Restate word for word the lines below that run from the one holding "atFoliX FX-Clear Schutzfolie für Nokia C2-01" through the one holding "Ocean Crashing Shore", inclusive. Pictures don't belong in the copy.
[DATA SHOWN Boundary: Start]
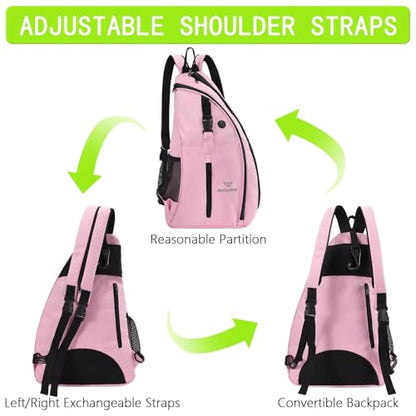 Pickleball Bag for Women Men Pickle Ball Backpack,Adjustable Sling Bag/Backpack for Tennis & Pickleball - color: Pink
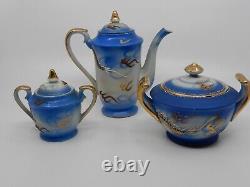 Blue Dragon Ware Moriage Lucky China tea set of 20 pieces Teapot cups saucers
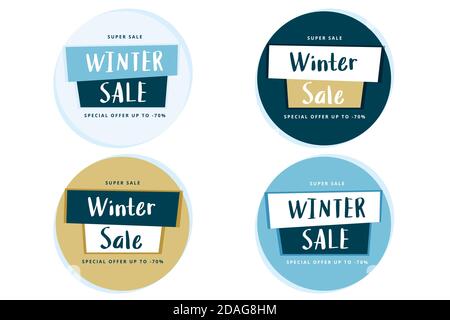 Modèle d'étiquette de solde d'hiver avec lettrage dessiné à la main, illustration vectorielle Illustration de Vecteur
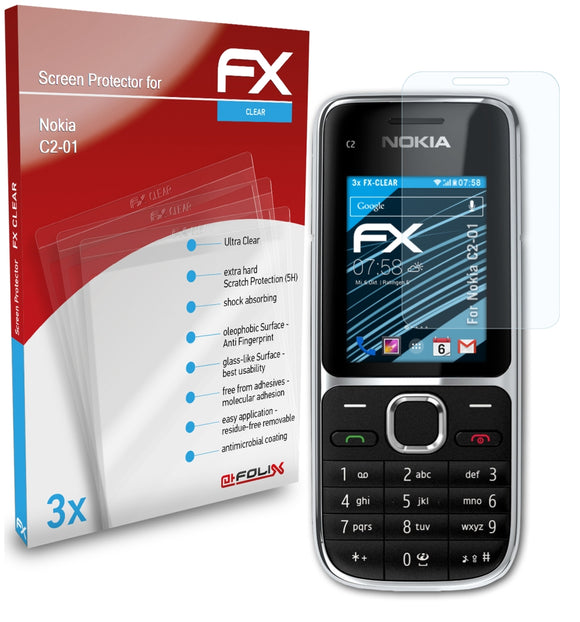 atFoliX FX-Clear Schutzfolie für Nokia C2-01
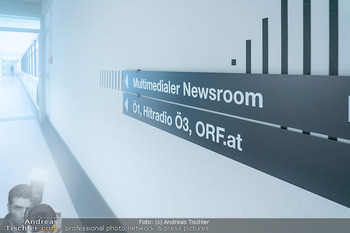 Gerda Rogers ö3 Jubiläum - Ö3 Studios im ORF Zentrum, Wien - Fr 10.04.2026 - ORF Zentrum von innen, Beschilderung, Logo, Ö3, newsreem, Gang,2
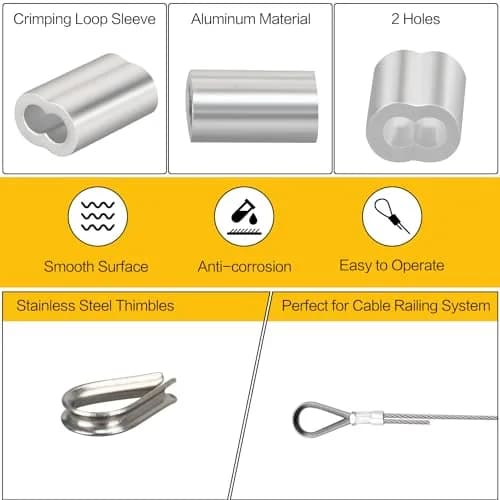 FGBNM Stainless Steel Wire Rope Cable Set 328ft | Rust-Proof & Heavy Duty for Rigging & Hanging thumbnail 4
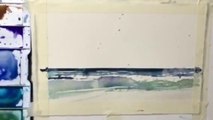 Ocean Crashing Shore Waves Painted in Blue and Green Watercolors- by Chris Petri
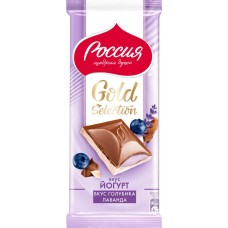 Шоколад молочный РОССИЯ ЩЕДРАЯ ДУША Gold Selection с йогуртовой начинкой с лавандой и вкусом голубики, 82г в магазинах Лента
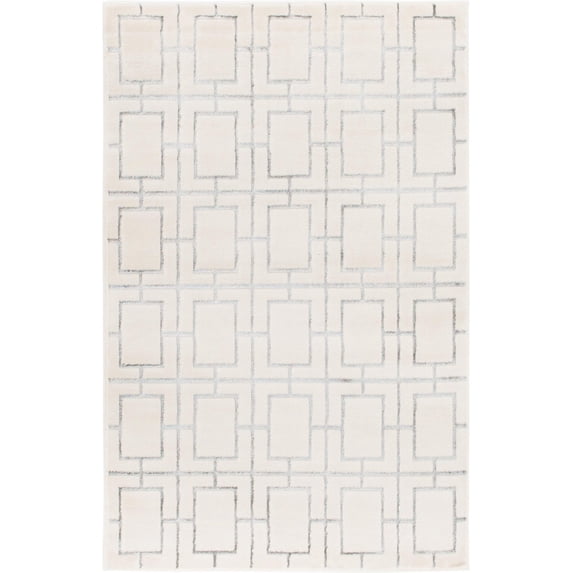 Marilyn Monroe Glam Collection Area Rug - Deco (4' 1" x 6' 1" Rectangle White Silver/Silver)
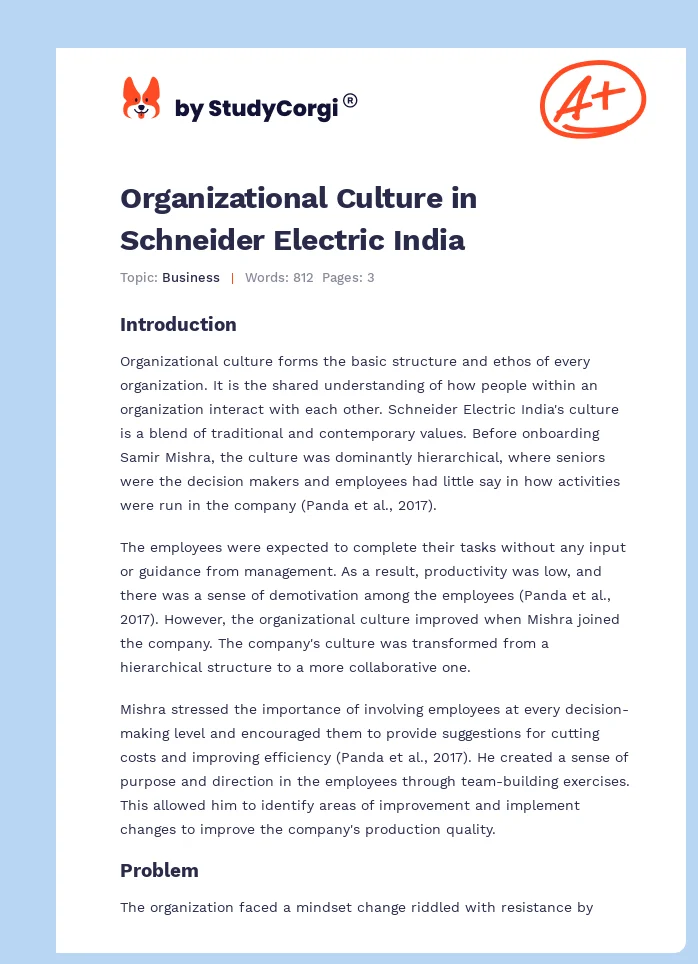 Organizational Culture in Schneider Electric India. Page 1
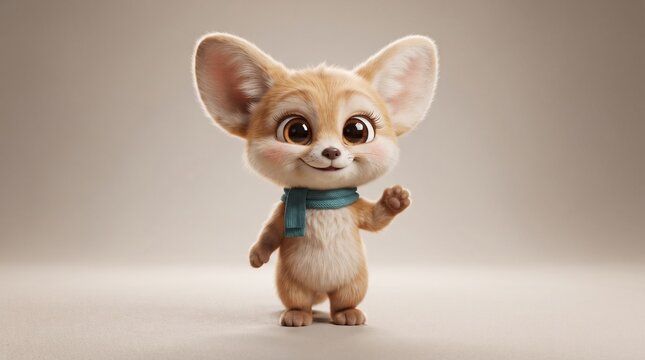 Friendly Animated Fennec Fox Character Waving and Wearing Teal Scarf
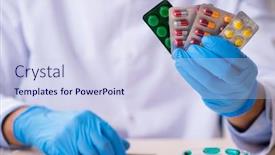  Presentation with drug synthesis - Colorful PPT theme enhanced with young-male-lab-assistant backdrop and a sky blue colored foreground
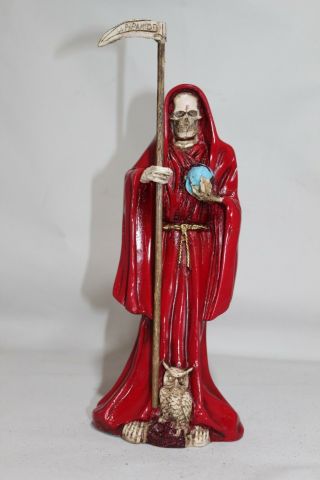 562 Statue Lady Santa Muerte Red 12 " Holy Death Amor Atraccion Sexo Pasion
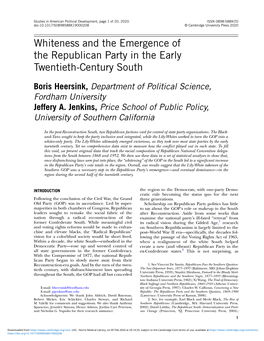 Whiteness and the Emergence of the Republican Party in the Early Twentieth-Century South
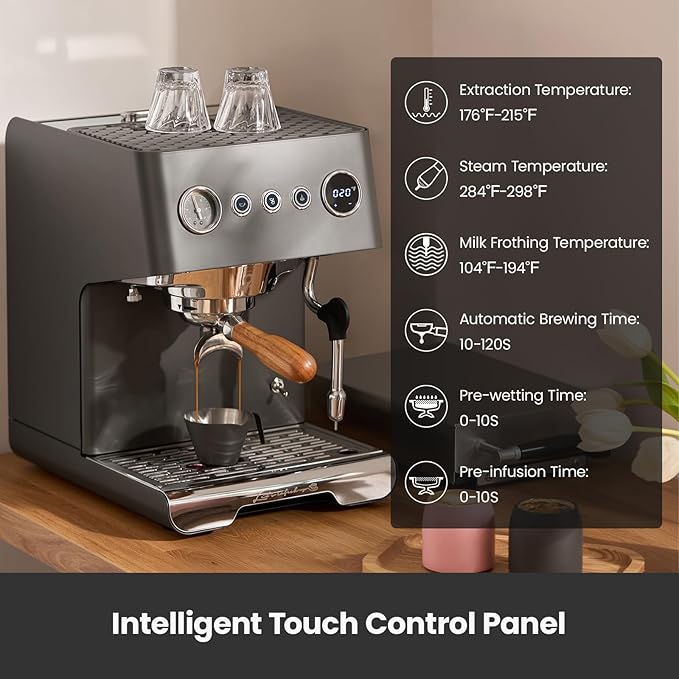 Gemilai G3028A Espresso Machine, 15 Bar Professional Coffee Maker with Adjustable Pressure & Automatic Milk Frother, Dual PID & 550ml Boiler, 57oz Tank, Stainless Steel for Cappuccino, Latte Grey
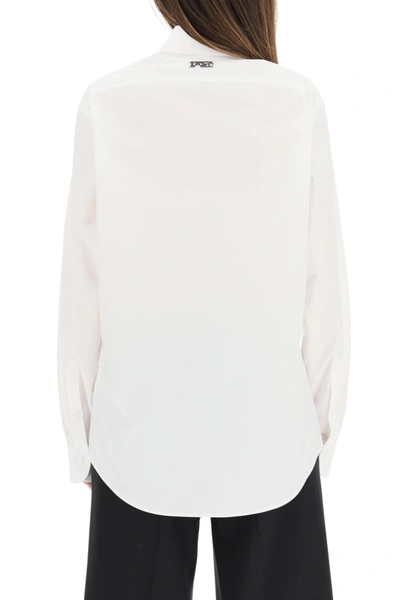 Shop Off-white Poplin Shirt With Embroidery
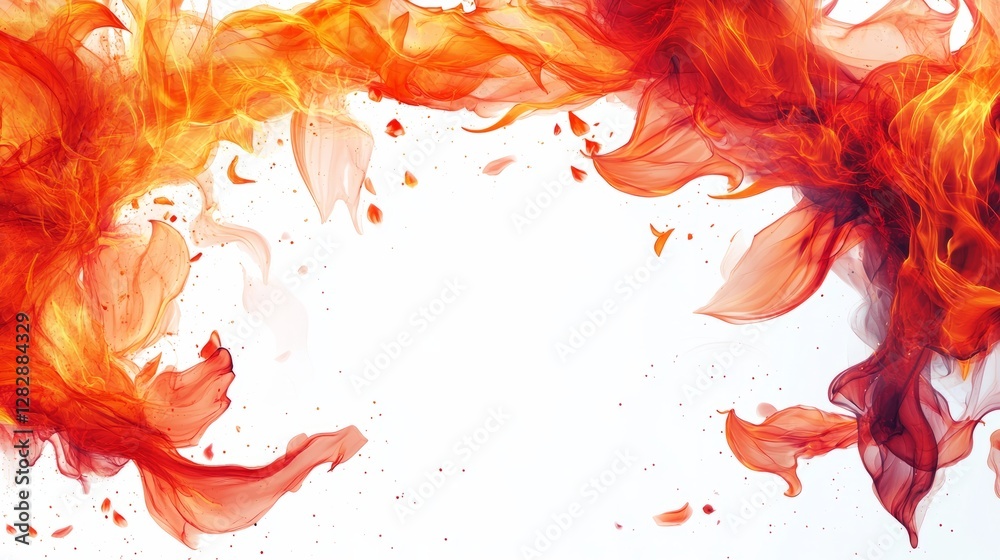 Obraz premium Cartoonish blazing flame border with vibrant fire elements, hot and dynamic, fiery frame isolated on white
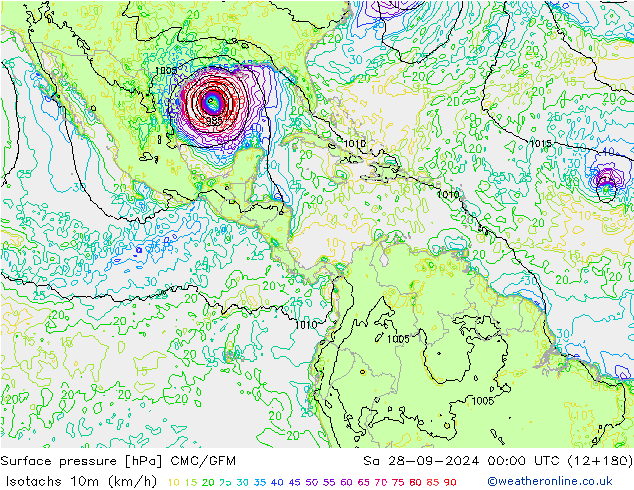 Isotachs (kph) CMC/GEM  28.09.2024 00 UTC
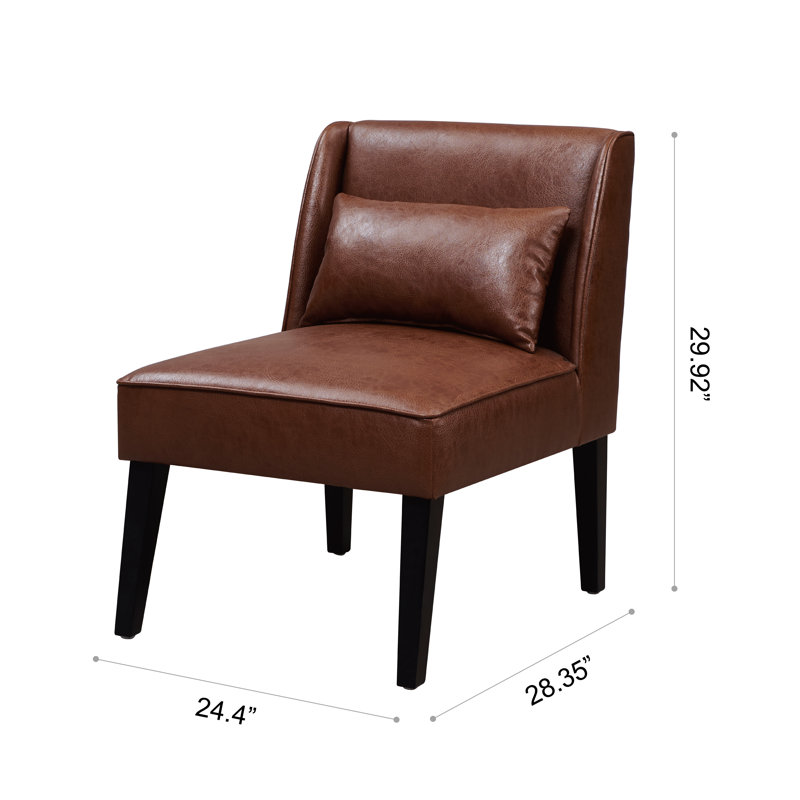 Georgeson Modern Faux Leather Accent Chair with Solid Wood Legs, Upholstered Lounge Chair with Cushion for Living Room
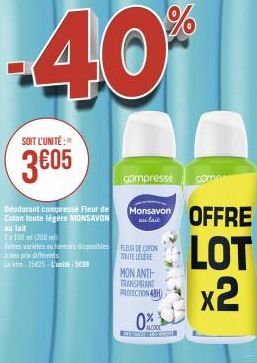 Deodorant Compresse Fleur de Coton toute légère MONSAVON au Lait: 2x100 compresse à 3€05 - D'autres variétés disponibles!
[DATA SHOWN Boundary: End]
__ANSWER BOX__
 atFoliX FX-Clear Schutzfolie für Nokia C2-01
 Gerda Rogers ö3 Jubiläum - Ö3 Studios im ORF Zentrum, Wien - Fr 10.04.2026 - ORF Zentrum von innen, Beschilderung, Logo, Ö3, newsreem, Gang,2
 FGBNM Stainless Steel Wire Rope Cable Set 328ft | Rust-Proof & Heavy Duty for Rigging & Hanging thumbnail 4
 Ocean Crashing Shore Waves Painted in Blue and Green Watercolors- by Chris Petri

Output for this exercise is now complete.